Le déficit commercial qui atteint maintenant des taux records. Il persiste depuis que Reagan a diminué la fiscalité en 1981, faisant passer le pays du rang de premier créancier de la planète à celui de premier débiteur.

Les taux d'épargne beaucoup trop bas. En période de croissance et quand que la Bourse était florissante, c'était compréhensible. Les Américains s'enrichissaient sans épargner. Les taux actuels, même s'ils augmentent légèrement, maintiennent l'Amérique au bas de l'échelle des taux au niveau international.

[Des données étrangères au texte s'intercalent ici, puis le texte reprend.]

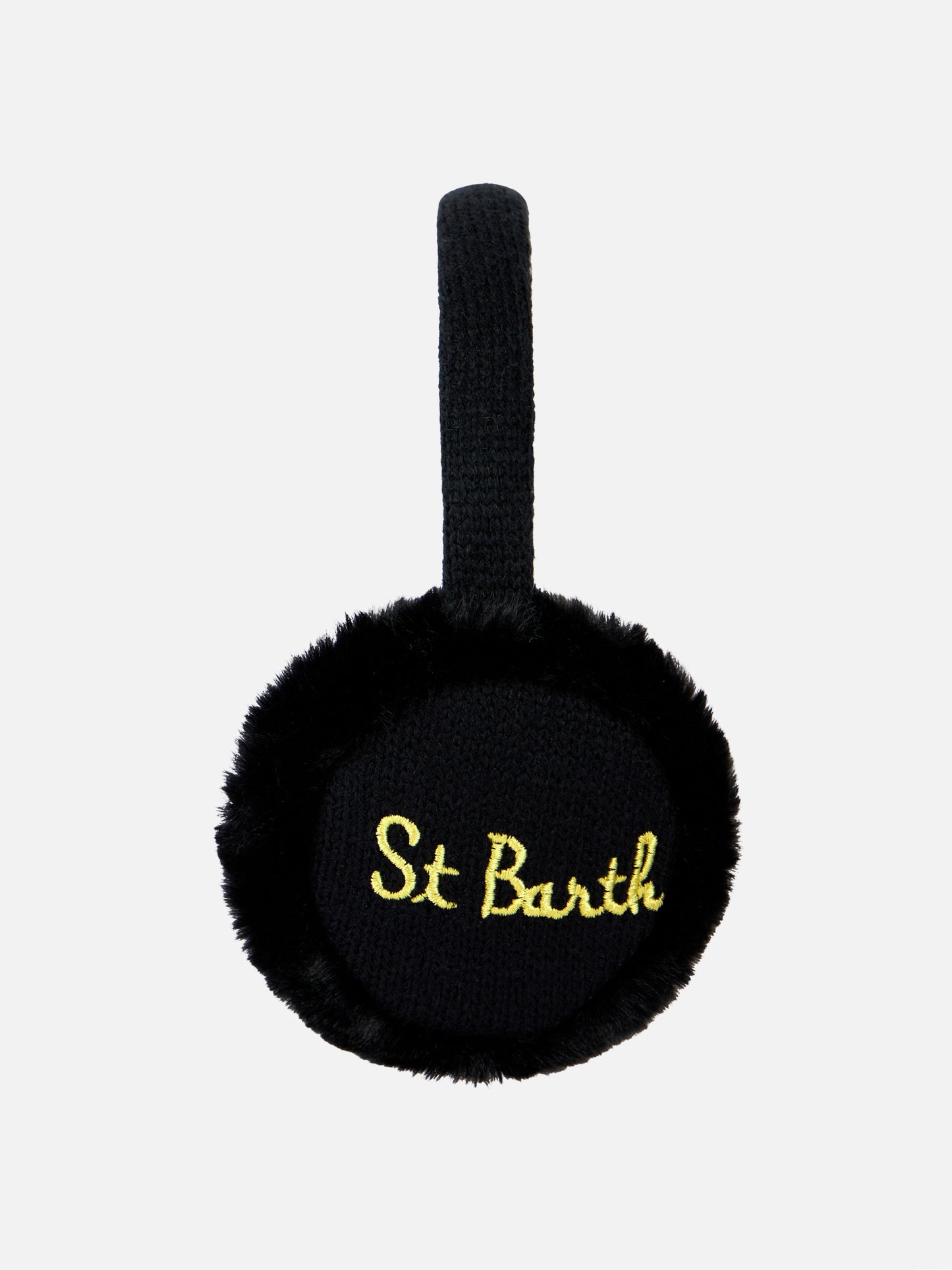 Woman black tricot earmuffs with furry details - MC2 Saint Barth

Des normes comptables laxistes. Les scandales Arthur Anderson, Enron et WorldCom n'ont pas jailli du néant. Ils trouvent leur origine au milieu des années 1990 quand le Trésor américain s'est opposé à la révision des normes comptables que voulait entreprendre le FASB, l'organisme théoriquement indépendant chargé de les élaborer. Une mauvaise comptabilité a favorisé l'émergence de la récente bulle boursière; une information tronquée a dopé la valeur des actions pour les conduire à des niveaux sans rapport avec la réalité, ce qui a suscité des investissements inconsidérés qui sont aujourd'hui à l'origine de l'excès de l'offre dans le domaine des télécommunications.

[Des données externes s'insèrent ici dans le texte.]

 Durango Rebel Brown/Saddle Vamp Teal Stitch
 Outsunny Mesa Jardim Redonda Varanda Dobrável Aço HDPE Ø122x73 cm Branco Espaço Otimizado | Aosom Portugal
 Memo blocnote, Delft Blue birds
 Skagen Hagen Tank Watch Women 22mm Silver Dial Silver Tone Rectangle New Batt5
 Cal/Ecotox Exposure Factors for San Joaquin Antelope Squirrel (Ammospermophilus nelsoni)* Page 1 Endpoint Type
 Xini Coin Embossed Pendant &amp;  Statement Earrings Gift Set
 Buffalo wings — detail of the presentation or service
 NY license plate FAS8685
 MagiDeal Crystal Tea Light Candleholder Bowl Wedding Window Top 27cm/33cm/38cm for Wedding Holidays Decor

A ces éléments déjà anciens, s'est ajouté ce qui est probablement le revirement budgétaire le plus rapide qui ait jamais eu lieu. En un coup de baguette magique ravageur, l'excédent budgétaire cumulé de trois mille milliards de dollars sur dix ans (hors sécurité sociale américaine) s'est transformé en quelques mois en un déficit titanesque de deux mille milliards de dollars.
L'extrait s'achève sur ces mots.